▶ **About this exercise**
Set down the data below word for word, and leave the images aside.

Given data Start Marker

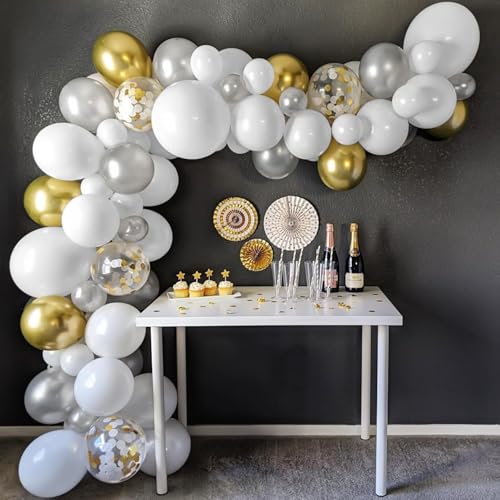 Image of Silver Gold White Chrome and Confetti Balloons Arch Garland Kit - 66 Pcs for Birthday Decoration Anniversary Engagement Wedding Festival Party Decorations | ARV ZONE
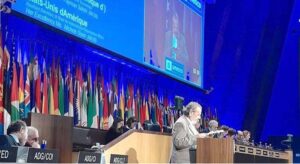 Federal Minister for Education & Professional Training Mr. Madad Ali Sindhi presenting Pakistan's perspective at High Level Debate of 42nd UNESCO General Conference. 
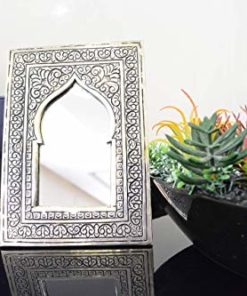 Gift Ideas for Women Mirror Clearance Handmade Mirror covered Silver Metal Engraved by Hand 6.7 Inch on 4.7 Inch Hanging Moroccan Wall Decor Perfect Piece for Home Design Handbag Mirror for Makeup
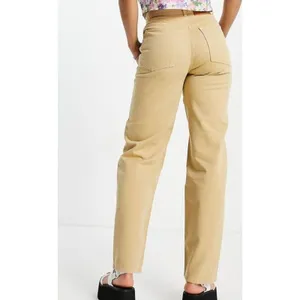 Reclaimed Vintage Cross Over‎ Button Fly Dad Jeans Womens 24 Stone Tan High Rise thumbnail 3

Given data End Marker

▶ **Task response**
 Image of Silver Gold White Chrome and Confetti Balloons Arch Garland Kit - 66 Pcs for Birthday Decoration Anniversary Engagement Wedding Festival Party Decorations | ARV ZONE
 Federal Minister for Education & Professional Training Mr. Madad Ali Sindhi presenting Pakistan's perspective at High Level Debate of 42nd UNESCO General Conference. 
 Gift Ideas for Women Mirror Clearance Handmade Mirror covered Silver Metal Engraved by Hand 6.7 Inch on 4.7 Inch Hanging Moroccan Wall Decor Perfect Piece for Home Design Handbag Mirror for Makeup
 Reclaimed Vintage Cross Over‎ Button Fly Dad Jeans Womens 24 Stone Tan High Rise thumbnail 3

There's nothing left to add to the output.